Wednesday, May 3, 2017

Soaked Shoes in the Cemetery

                The sodden grass quickly soaked through the denim fabric of my shoes.  No umbrella could save my feet in this rain.  Good thing this cemetery isn’t too big, I thought.  This is sort of like looking for a needle in a haystack, but the graves have to be here, somewhere.  I looked at my shoes and my soaking feet.  No way were they going to dry on the hour and a half drive I had to make to get home.  What was I doing here in a cemetery in Hyde Park, Utah (nearly 100 miles from home) on a rainy Saturday afternoon, anyway? 




                For as long as I can remember, my family has gathered and gone to visit cemeteries, usually in conjunction with Memorial Day weekend.  The Murray City Cemetery was a favorite when I was young, as monuments stretched over my head.  I was fascinated by these tall tributes to a life lived and lost.  We ran freely among the headstones, but my father taught us not to climb on the inviting grave markers.
                Memorial Estates became a mainstay in my family after the death of my brother in 1976.  For a time, we visited the cemetery weekly, on Sundays.  Week after week we arrived at the cemetery to find a flower on my brother’s grave.  We never knew who placed it there.  But every week we knew that someone remembered him, and it was a great gift of comfort to us.
                The list of graves to visit at Memorial Estates grew to include four former classmates (two died in the 5th grade, one passed away in high school, and another died at the age of 22, shortly after her marriage).  Family also began filling the plots near my brother’s resting place:  my grandparents, my aunt, my infant cousin.  The South Jordan Cemetery became a regular on the visit list as well. There we decorated graves for my father-in-law, his mother, and other relatives, I began wandering this cemetery looking for my husband’s ancestors who had settled this place and raised their families before ending up here, beneath the lawn.  My children and I meandered through the headstones, reading names, looking for ones familiar from genealogy charts and family stories. "If it is a Holt, Beckstead, or Newbold," I told my kids, "they are related to you!"
                I began visiting graves on vacations and other trips:  the Tomb of the Unknown Soldier in Washington, D.C.; the Old Pioneer Burial Ground in Nauvoo, Ill.; JFK’s grave in Arlington National Cemetery; Charles Lindbergh's grave on Maui; Sacagawea on the Wind River Reservation in Wyoming (ok, so many historians believe this is not really Sacagawea's burial place, but it is still a beautiful cemetery); and the grave of Georges Seurat and other famous people in Pere LaChaise in Paris, France.  I have walked through small cemeteries off the side of the road, or in small towns.  I have read inscriptions and epitaphs.  I love cemeteries. They are beautiful and peaceful, and it is fascinating to me how we choose to honor our dead.

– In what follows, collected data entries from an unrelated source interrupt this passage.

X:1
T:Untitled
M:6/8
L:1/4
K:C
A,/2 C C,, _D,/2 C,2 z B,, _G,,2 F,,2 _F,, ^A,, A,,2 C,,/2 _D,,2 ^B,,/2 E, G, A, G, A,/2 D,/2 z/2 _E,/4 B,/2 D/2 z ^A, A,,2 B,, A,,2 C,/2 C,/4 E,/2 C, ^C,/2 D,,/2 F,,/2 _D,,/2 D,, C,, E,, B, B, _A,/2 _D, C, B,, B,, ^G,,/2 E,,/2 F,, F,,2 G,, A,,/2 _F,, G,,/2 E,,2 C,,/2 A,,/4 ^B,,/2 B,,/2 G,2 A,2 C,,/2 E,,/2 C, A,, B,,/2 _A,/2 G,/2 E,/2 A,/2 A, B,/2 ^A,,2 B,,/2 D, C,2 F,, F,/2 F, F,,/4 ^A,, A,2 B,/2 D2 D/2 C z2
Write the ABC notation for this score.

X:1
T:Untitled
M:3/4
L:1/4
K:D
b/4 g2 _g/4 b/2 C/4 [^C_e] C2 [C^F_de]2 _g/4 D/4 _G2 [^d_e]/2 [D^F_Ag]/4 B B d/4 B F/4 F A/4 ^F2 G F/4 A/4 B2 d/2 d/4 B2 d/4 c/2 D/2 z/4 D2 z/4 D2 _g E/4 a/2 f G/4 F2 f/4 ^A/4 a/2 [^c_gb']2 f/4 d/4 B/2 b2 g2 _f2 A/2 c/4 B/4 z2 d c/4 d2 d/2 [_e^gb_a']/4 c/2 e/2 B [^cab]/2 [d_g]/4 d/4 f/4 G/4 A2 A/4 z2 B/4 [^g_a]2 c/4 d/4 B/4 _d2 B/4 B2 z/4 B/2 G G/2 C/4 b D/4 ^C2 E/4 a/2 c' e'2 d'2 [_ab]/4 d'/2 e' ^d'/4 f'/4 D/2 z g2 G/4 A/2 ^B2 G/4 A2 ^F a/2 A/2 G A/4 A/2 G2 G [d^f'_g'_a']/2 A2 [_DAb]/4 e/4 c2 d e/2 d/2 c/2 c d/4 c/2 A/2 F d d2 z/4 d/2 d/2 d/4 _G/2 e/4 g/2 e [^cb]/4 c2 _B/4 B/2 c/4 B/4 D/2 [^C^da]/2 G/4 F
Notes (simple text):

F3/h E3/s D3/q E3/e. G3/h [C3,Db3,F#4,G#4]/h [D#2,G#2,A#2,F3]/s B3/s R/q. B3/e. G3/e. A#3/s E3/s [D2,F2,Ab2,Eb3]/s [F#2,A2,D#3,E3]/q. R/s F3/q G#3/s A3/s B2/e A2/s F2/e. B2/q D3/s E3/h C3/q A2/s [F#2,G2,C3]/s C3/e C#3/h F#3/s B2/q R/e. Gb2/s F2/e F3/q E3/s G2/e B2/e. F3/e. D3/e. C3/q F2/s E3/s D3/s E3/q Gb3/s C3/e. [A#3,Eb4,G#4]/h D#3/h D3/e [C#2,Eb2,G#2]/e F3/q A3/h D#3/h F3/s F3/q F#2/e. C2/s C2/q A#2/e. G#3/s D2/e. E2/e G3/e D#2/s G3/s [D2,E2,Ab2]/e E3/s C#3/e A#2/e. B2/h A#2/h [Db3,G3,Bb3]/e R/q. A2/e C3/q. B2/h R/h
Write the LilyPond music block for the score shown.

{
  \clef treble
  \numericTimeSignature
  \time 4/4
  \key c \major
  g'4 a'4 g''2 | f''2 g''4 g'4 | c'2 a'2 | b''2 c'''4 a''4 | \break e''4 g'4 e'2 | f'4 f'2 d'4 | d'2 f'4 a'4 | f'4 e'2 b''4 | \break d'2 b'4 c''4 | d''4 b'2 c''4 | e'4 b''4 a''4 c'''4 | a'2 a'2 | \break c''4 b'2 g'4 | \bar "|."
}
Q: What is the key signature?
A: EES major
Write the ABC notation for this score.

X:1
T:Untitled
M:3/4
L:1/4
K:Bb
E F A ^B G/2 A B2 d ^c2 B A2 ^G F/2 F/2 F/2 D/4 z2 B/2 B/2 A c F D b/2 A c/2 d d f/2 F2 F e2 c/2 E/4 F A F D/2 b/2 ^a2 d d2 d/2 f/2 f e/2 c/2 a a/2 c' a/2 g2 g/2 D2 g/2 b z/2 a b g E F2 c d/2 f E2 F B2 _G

Seurat Family Tomb in Paris

                Once I stood, plat number and map in hand, and tried to find an ancestor in the Salt Lake City Cemetery, but William Lewis escaped me.  No matter how hard I looked, I could not find his grave.  The day was long, and we were all getting tired, so we left.  Fast forward a couple of years, and I was back looking for William Lewis.  And there was a tall monument to him, and other family members.  Pretty hard to miss!  I have no idea why I couldn’t find it the first time, but I was happy to see it.  It felt like quite a victory to finally locate his grave.
                I love the chase.  I love finding the marker, the place where my family member lies in repose.  I love putting together pieces of information.  I soak in the sorrow and solemnity when an infant lies alone in a plot, no family nearby, or when a family has lost child after child to early death.  Cemeteries are a wealth of information. They are also an art exhibit, filled with poems and prose, sculpture and carvings.
                I had to go to Logan to visit the Utah State University campus that Saturday. Prior to my visit, I remembered my mom telling me about relatives buried in the Logan area.  A quick search of the Findagrave website (a blessing to family history researchers everywhere!), informed me that Luther C. Burnham was buried in Hyde Park. It wasn't far from the USU campus and there might be time to visit once I was through in Logan....
                So maybe now you can understand how I ended up in Hyde Park with soaking shoes in the rain.  I held the umbrella and the camera and looked at one marker, and then the next.  Not this one.  Not that one.  I kept looking.  “Here it is!  He’s here!” I exclaimed. My great-great grandfather.  I snapped a few pictures, looked at this beautiful place, and took a moment in the rain before returning to the car to shed my wet shoes and dry my feet.

Luther C. Burnham headstone

                It is more than the love of the chase that made me drive from Logan to Hyde Park in the rain that day before returning home to Salt Lake.  It is the love of family.  It is the connectedness I feel extending through generations, linking my ancestors and my children.  In cemeteries, I see not only monuments to individuals, but stories of family.  And finding my great-great grandfather's  headstone in Hyde Park was worth the soaking wet shoes.